The Assigned Claims Plan provides benefits for those individuals injured in a motor vehicle-related accident who have no other available source of insurance coverage. Owners of motor vehicles are ineligible to claim benefits under the Assigned Claims Plan.
On August 26, 1990, English, who was a passenger in an uninsured motor vehicle, which was stopped at an intersection, was seriously injured when the vehicle in which she was riding was struck by another uninsured vehicle. Thereafter, English applied for Assigned Claims Plan benefits. While the plan paid first-party benefits, it denied her UM claim for pain and suffering.
A declaratory judgment action was filed in the Court of Common Pleas of Dauphin County and the Trial Court ruled that English was held eligible for UM benefits under the plan.

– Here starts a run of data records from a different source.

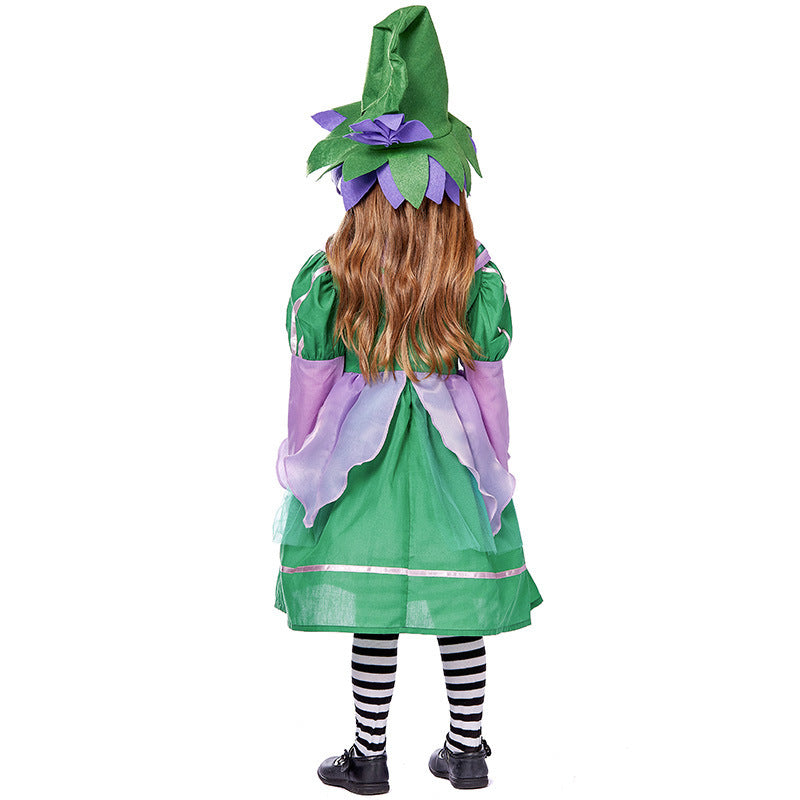 Girl Fairytale Costume with Hat and Decoration Chichicherry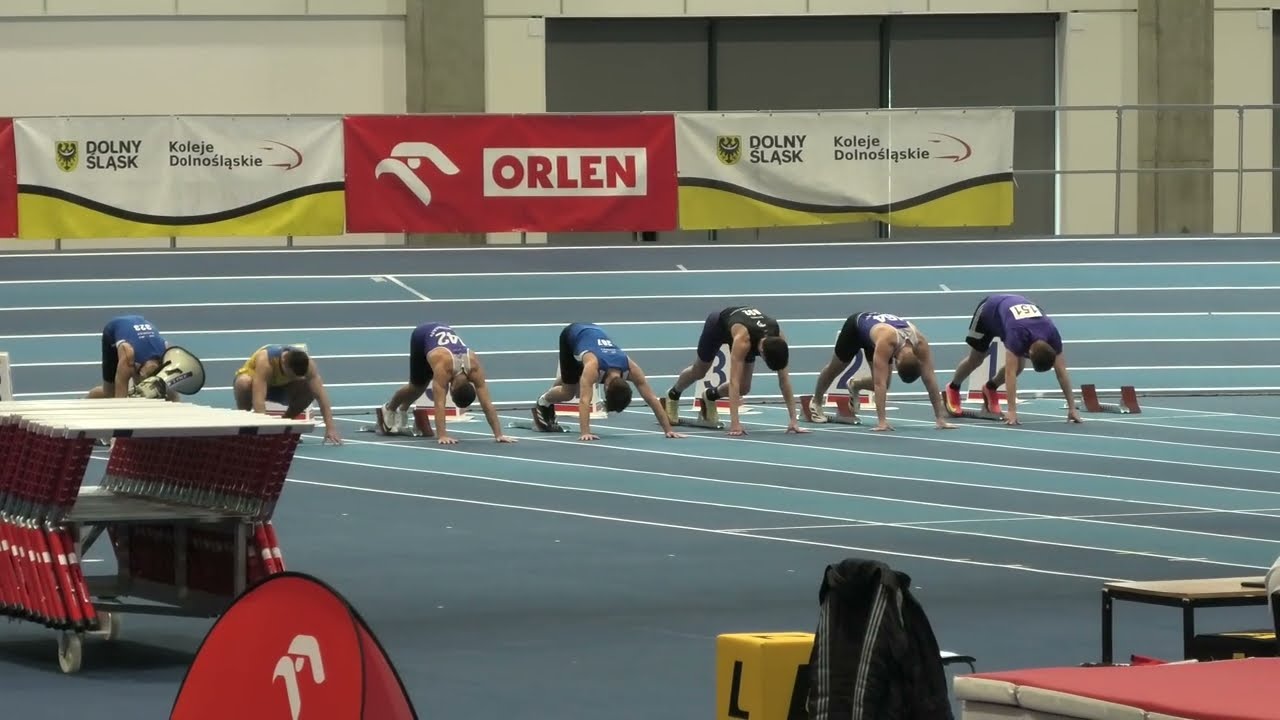 60m M bieg Finał B - Wrocław 20260207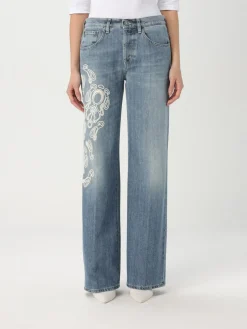 Jeans Dondup in denim con ricami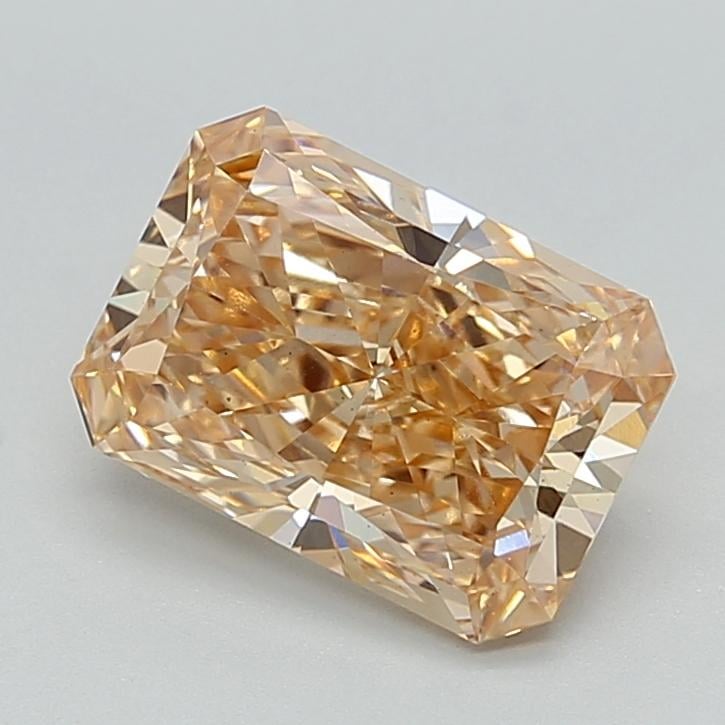 3.01 Ct. Fancy Intense Brownish Orange Radiant Lab Grown Diamond
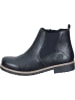 rieker Freizeit Stiefel in schwarz/schwarz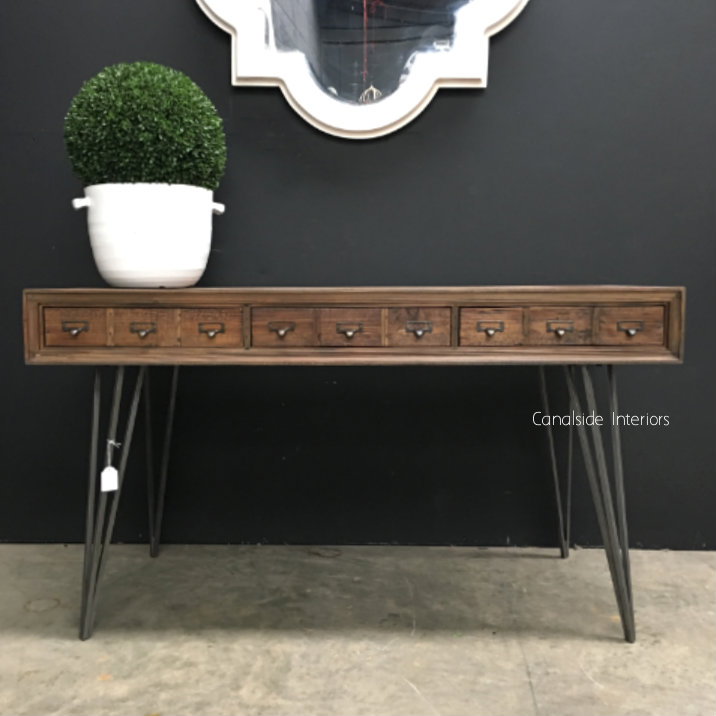 Apothecary Desk  INDUSTRIAL RUSTIC Style, TABLES, STORAGE Consoles & Desks, PLANTATION STYLE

The Superior Court reversed, holding that English did not meet the eligibility requirements of the plan and, in effect, the Superior Court’s decision precluded anyone injured after July 1, 1990, from recovering from the Plan unless they were a pedestrian or a bicyclist.
Writing for the majority, Supreme Court Justice Ralph J. Cappy concluded that the Superior Court’s interpretation of the Assigned Claims Plan eligibility requirements was not only unfair but unreasonable. Justice Cappy held that denying Ms. English coverage would serve no purpose because she did not own a motor vehicle and therefore had no obligation to purchase insurance.